In general, the best passive schemes require a large initial outlay and/or a dubious moral outlook. A better way to enhance your income is to eat out less, stop buying stuff you don't need, and shop around for deals. Boring but true!

I have had some success in affiliate marketing using an approach that I think many on Hacker News could duplicate. I launched my Amazon affiliate site about a year-and-a-half ago and its earnings have increased by about $100 per month with December being the first time I earned over $2,000 in a month.

The approach is to find a type of product where Amazon has thousands of listing but the specifications are not very accurate and the filtering criteria are limited, and where there are highly active forums with people talking about and asking about these products. Then you build a proper searchable catalog for the products. Include lots of search criteria, sorting criteria, side-by-side comparison, recommended accessories, anything that would be useful for people looking to buy them.

Once my catalog contained over 1,000 models I started replying to posts on forums with a link to my site that provided what they were looking for. People loved the site and it wasn't long before they were posting links to it to answer each others questions. That's all it took to start ranking on Google which is now responsible for 3/4 of my traffic.

Initially this is not passive income. The first few months are a lot of work for very little money. Eventually the balances shifts to the point where additional work is only needed if you want to keep growing. Amazon's product advertising API allows you to get current prices, availability and popularity (sales ranking) to keep everything fresh.

Did that entail a lot of hand entry of product information? (considering that Amazon was, as you said, lacking specifications)

Yes it did. I have spent a lot more time researching and documenting specs than I have writing code. The good news is that I don't mind that type of work. I often build spreadsheets for fun to compare things I'm thinking of buying so I just took that to another level.

You seem like you might be a good fit for something I have in mind - how do I contact you?

I never noticed before that this site doesn't seem to have any way to send private messages. I guess if one wants to be reached they have to share a way publicly.

True, but you could use a throwaway email that automatically forwards to you for a limited time.

Could you contact me at nicolas.john611 @ gmail.com?

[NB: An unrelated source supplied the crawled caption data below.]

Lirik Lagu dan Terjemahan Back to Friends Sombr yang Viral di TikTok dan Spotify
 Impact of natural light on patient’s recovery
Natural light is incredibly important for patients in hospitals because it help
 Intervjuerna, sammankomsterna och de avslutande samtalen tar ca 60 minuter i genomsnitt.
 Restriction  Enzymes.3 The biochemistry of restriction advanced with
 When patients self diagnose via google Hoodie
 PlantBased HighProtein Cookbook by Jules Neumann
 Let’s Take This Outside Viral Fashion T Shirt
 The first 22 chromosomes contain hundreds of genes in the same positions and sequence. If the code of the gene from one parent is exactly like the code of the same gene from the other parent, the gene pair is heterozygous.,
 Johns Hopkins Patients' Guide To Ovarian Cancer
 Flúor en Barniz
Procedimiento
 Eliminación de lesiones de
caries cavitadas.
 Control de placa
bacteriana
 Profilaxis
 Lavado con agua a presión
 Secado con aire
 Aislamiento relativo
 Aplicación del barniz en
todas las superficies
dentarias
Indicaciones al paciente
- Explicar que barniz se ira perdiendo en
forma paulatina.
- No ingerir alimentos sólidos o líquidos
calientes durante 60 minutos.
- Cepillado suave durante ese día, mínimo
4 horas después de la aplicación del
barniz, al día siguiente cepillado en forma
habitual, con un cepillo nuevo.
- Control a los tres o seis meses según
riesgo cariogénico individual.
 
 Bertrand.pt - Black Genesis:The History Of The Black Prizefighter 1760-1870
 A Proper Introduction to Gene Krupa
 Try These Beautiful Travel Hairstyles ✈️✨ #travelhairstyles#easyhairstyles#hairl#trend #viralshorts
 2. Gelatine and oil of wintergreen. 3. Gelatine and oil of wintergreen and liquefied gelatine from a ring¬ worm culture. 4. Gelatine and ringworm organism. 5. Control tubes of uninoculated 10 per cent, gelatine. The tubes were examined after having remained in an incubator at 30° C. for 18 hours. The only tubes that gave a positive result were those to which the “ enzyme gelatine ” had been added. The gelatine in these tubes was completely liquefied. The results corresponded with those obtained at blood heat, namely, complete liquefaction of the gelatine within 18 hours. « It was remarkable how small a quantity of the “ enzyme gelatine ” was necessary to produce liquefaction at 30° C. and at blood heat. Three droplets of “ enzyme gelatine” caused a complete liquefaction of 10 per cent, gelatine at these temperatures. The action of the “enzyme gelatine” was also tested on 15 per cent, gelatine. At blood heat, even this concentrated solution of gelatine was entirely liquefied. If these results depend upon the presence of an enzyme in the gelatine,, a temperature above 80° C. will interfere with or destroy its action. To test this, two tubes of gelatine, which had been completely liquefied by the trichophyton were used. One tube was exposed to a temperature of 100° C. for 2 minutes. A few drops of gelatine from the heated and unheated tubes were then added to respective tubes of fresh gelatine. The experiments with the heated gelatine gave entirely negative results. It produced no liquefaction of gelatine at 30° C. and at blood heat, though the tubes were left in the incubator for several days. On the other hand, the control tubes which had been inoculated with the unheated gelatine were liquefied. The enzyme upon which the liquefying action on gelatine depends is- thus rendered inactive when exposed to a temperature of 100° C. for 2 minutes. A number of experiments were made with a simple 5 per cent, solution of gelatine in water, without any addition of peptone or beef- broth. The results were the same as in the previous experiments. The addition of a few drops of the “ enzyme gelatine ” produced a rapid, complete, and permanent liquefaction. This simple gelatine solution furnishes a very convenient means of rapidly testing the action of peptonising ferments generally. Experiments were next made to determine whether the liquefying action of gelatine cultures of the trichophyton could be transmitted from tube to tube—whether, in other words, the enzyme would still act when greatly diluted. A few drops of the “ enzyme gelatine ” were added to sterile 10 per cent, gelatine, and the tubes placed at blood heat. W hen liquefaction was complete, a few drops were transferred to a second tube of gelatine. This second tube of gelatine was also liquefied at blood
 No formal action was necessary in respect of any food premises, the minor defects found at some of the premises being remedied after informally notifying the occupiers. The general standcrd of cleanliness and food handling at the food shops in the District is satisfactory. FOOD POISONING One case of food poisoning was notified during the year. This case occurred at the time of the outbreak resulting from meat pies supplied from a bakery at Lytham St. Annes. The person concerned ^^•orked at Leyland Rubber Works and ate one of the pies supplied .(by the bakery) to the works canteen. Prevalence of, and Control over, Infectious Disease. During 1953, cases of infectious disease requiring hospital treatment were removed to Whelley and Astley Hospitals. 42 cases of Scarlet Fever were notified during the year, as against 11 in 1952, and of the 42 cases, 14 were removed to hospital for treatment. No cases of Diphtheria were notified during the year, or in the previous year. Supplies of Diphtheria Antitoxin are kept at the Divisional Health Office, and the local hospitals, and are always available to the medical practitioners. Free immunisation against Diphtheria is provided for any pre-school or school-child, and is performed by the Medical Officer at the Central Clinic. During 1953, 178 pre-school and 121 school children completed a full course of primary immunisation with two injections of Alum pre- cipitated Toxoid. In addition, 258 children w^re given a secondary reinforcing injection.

Please email me as well: piptastic @ gmail


what are you looking for?

Did something similar for gifts. was a little hacky, but fun to build.

what is the typical commission that you earn on a single purchase through a link clicked on your site?

Currently my average commission is about $5.

Do you mind sharing your site?

I'd prefer not to but I'll check back a few more times to see if there are any questions about my post to answer.

There are lots of people telling others to write reviews without having purchased/used a product. Did you have to do it too? I mean, is your site only side by side comparisons or do you also post reviews?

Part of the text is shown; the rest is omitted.